Arbeitgeber müssen sich ihrer Verantwortung bewusst sein: Wer diskriminiert, handelt nicht nur unethisch – sondern rechtswidrig.
FAQ: Häufige Fragen zum Thema Diskriminierung in Stellenanzeigen
Was darf in einer Stellenanzeige nicht stehen?
Stellenanzeigen dürfen keine Merkmale enthalten, die bestimmte Gruppen aufgrund von ethnischer Herkunft, Religion, Geschlecht, sexueller Identität, Alter oder Behinderung ausschließen (§ 1 AGG).

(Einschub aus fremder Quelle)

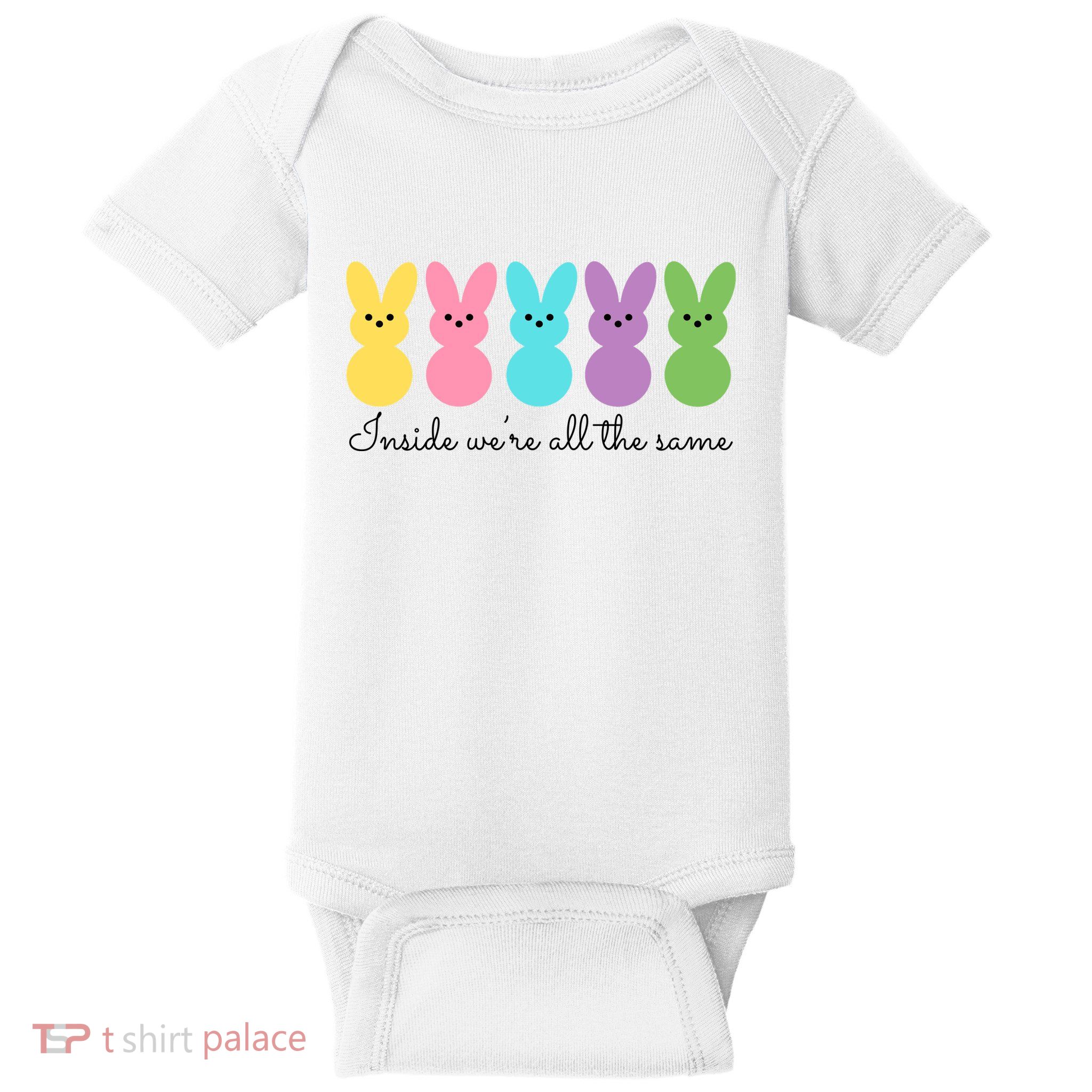 Inside We Are All The Same Easter Bunny Baby Bodysuit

Ist eine Diskriminierung schon die bloße Wortwahl in der Anzeige?
Ja. Bereits diskriminierende Formulierungen in der Ausschreibung selbst können zu Entschädigungsansprüchen führen – auch ohne Bewerbung oder Einstellung (§ 15 Abs. 2 AGG).
Wer haftet bei Diskriminierung in einer Anzeige?
Zunächst der Arbeitgeber bzw. Auftraggeber der Anzeige. In bestimmten Fällen kann aber auch ein Verlag oder eine öffentliche Einrichtung mitverantwortlich sein – etwa bei unzureichender Prüfung vor Veröffentlichung.
Kann ich gegen eine diskriminierende Anzeige vorgehen?
Ja. Betroffene können sich an eine Antidiskriminierungsstelle wenden oder anwaltlich beraten lassen. Es besteht die Möglichkeit, zivilrechtlich gegen den Verfasser der Anzeige vorzugehen und ggf. Strafanzeige zu stellen.
Gibt es Fristen für Entschädigungsansprüche nach dem AGG?
Ja. Der Anspruch muss innerhalb von zwei Monaten nach Kenntnis der Diskriminierung geltend gemacht werden (§ 15 Abs. 4 AGG).